*** Exercise data ***

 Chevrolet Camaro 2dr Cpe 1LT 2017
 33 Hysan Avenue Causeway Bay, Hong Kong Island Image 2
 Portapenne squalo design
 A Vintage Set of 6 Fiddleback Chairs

***

Your instructions:
Copy out, word for word, only the lines from the one with "33 Hysan Avenue" through the last line of the material above.

Solution to this problem:
 33 Hysan Avenue Causeway Bay, Hong Kong Island Image 2
 Portapenne squalo design
 A Vintage Set of 6 Fiddleback Chairs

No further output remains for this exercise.